Mais histórias pra contar

Os 80 anos dos bancários de Pernambuco, congressos da CUT-SP e a História agora no currículo

Tempo passou tão depressa que nem percebi. Bom, retomar não é fácil, mas dou aqui um primeiro passo: em outubro de 2011 fui descobrir as histórias dos 80 anos dos Bancários de Pernambuco. Achamos um verdadeiro tesouro prestes a desaparecer numa salinha esquecida. Atas, fotografias, jornais. Até Capiba, o compositor, foi bancário em Recife. Eu e meu colega Frédi Vasconcelos recuperamos o possível, transformado em edição de revista e vídeo, o segundo que fazemos nessa linha de resgate histórico da memória sindical.

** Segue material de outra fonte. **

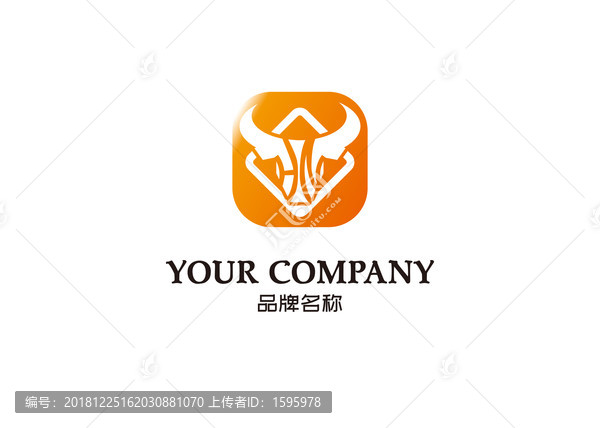 牛品牌logo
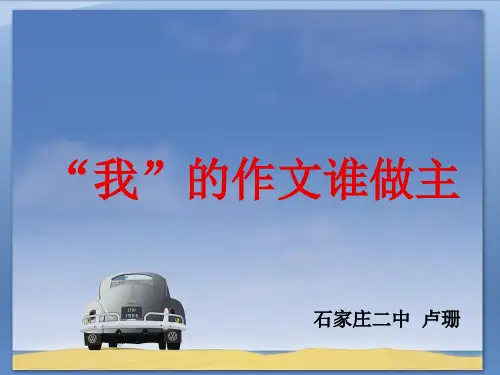 河北省石家庄二中高三英语二轮复习写作课件(共26张PPT)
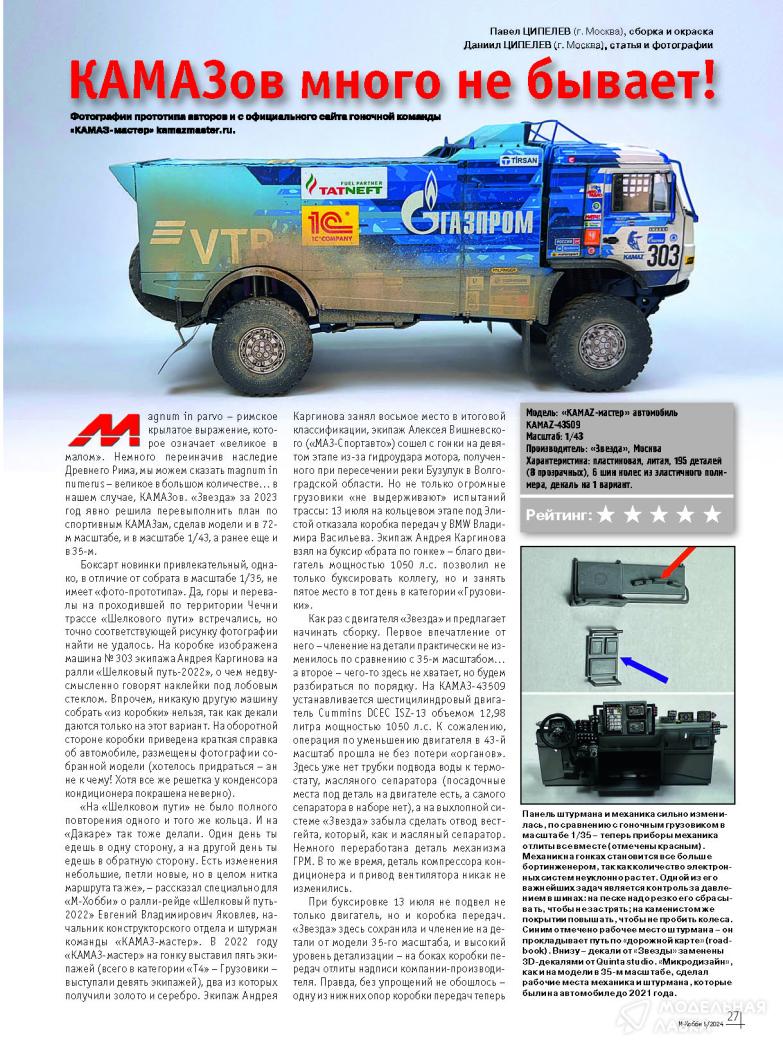 Журнал "М-Хобби" №5/2024 Цейхгауз Журнал "М-Хобби" №5/2024 Цейхгауз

Um trabalho tão bacana que me fez seguir adiante na Pós-Graduação em História, que acabo de concluir pela Unisanta/IFGE com nota 10 (ah, deixa eu puxar meu saco, vai!!!!), embora não saiba objetivamente o que fazer com tal título. E já me leva a outro, a pesquisa dos 12 congressos que marcaram a trajetória da Central Única dos Trabalhadores de São Paulo, a CUT, acompanhada da entrevista com seus presidentes. Vamos fazer uma revista e um vídeo (este da gestão que se encerra), e sou colaboradora com a equipe fixa de jornalista e historiadora da central. Assim que sair, boto o link!